Seja como for, o fato é que Alarico e seus Visigodos conseguiram escapar em direção ao norte, cruzando e pilhando o Épiro e chegando até a Ilíria, levando consigo o produto do saque à Grécia.

Mais grave, entretanto, para os romanos, foi o fato de Alarico, no final dessa campanha, ter conseguido fazer o fraco Imperador Romano do Oriente nomeá-lo Marechal das Forças Armadas (“Magister Utriusque Militiae“), fato que permitiu aos Visigodos ter acesso aos arsenais e fábricas militares do Império Romano na Ilíria.

Não obstante, em 398 D.C., o imperador Honório casou-se com Maria, a filha mais velha de Estilicão, que tinha apenas 14 anos, selando a sua posição de homem-forte do Império Romano do Ocidente. Isto tornava o general de origem vândala membro da família imperial, até então uma posição inaudita para alguém de sangue bárbaro.

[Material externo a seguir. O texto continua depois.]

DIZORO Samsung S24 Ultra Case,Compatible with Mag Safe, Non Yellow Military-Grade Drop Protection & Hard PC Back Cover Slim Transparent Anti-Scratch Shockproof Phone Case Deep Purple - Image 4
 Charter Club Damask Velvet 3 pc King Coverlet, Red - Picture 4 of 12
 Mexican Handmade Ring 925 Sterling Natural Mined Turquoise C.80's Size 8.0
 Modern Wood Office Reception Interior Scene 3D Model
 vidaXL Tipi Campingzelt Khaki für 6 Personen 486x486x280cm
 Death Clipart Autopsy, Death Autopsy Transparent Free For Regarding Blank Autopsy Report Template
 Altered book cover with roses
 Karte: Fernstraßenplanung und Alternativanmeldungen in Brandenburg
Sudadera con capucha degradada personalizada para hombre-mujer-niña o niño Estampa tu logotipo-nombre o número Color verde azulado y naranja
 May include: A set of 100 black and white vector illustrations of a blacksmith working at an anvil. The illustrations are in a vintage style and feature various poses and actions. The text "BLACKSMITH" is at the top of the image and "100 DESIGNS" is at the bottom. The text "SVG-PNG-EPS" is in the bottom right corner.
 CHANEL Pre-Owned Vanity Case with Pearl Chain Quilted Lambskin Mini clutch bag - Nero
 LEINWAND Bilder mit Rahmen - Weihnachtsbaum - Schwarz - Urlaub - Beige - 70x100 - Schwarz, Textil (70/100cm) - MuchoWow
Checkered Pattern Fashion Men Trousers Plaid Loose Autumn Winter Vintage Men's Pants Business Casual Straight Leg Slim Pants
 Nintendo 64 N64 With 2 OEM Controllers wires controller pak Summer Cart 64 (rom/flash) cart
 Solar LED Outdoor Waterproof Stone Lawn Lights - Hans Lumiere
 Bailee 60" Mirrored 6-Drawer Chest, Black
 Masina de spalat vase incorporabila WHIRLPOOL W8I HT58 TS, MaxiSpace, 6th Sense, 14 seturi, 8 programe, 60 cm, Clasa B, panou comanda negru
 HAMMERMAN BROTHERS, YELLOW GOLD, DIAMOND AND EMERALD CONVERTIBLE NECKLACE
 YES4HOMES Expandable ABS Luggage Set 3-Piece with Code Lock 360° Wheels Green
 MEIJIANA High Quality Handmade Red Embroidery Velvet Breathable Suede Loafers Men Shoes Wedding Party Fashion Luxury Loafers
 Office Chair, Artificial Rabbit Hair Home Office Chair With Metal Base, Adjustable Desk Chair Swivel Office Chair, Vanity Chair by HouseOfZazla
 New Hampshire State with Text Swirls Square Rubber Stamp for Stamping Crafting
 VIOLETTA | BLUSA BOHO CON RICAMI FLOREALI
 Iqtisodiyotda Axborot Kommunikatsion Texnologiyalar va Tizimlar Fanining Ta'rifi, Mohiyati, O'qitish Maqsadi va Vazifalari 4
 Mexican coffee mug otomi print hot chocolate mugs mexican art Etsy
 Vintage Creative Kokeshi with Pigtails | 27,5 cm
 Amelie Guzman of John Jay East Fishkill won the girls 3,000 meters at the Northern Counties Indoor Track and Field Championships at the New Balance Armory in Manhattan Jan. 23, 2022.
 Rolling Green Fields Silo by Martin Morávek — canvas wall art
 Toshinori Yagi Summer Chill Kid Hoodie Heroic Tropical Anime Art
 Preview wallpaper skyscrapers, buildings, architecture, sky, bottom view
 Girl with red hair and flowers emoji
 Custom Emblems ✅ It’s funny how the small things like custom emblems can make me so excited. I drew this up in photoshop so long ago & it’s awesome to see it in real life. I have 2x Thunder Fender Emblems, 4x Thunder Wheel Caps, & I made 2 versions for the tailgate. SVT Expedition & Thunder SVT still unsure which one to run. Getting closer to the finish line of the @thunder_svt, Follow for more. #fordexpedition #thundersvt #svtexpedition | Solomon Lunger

O assoberbado Estílicão, contudo, não pôde desfrutar de seu novo status, porque, além de ter de lidar com a revolta do Conde da África, Gildo, e ainda teve que combater uma guerra na Britânia.

Diante das vicissitudes enfrentadas por Estilicão, o insaciável Alarico, percebendo a fraqueza da parte ocidental, deu início à sua 1ª invasão da Itália, em 401 D.C. Assim, no ano seguinte, os Visigodos alcançaram Milão, a então já centenária capital do Império Romano do Ocidente, e, desafiadoramente, ali sitiaram o próprio imperador Honório. Contudo, mesmo após armarem-se nos arsenais imperiais da Ilíria, aos bárbaros ainda faltava o “know-how” para o assédio às muralhas de Milão.

Mais uma vez, a situação foi salva por Estilicão, que derrotou Alarico em Polentia, no Piemonte, capturando, inclusive a esposa do rei bárbaro. Alarico então deixou a região, mas, perseguido pelas tropas romanas, ele foi novamente derrotado por Estilicão nas cercanias de Verona, em 403 D.C., resolvendo voltar para a Ilíria.

A grande consequência dessa incursão de Alarico foi convencer o imperador Honório a deixar Milão e estabelecer a sua Corte na cidade de Ravena. O motivo desta escolha é que Ravena era uma cidade cujo acesso por terra somente poderia ser feito cruzando-se extensos pântanos que faziam parte de uma laguna e, portanto, ela era muito difícil de ser invadida pelos bárbaros. Além disso, a cidade poderia ser abastecida pelo mar, em caso de cerco, através do Porto de Classe.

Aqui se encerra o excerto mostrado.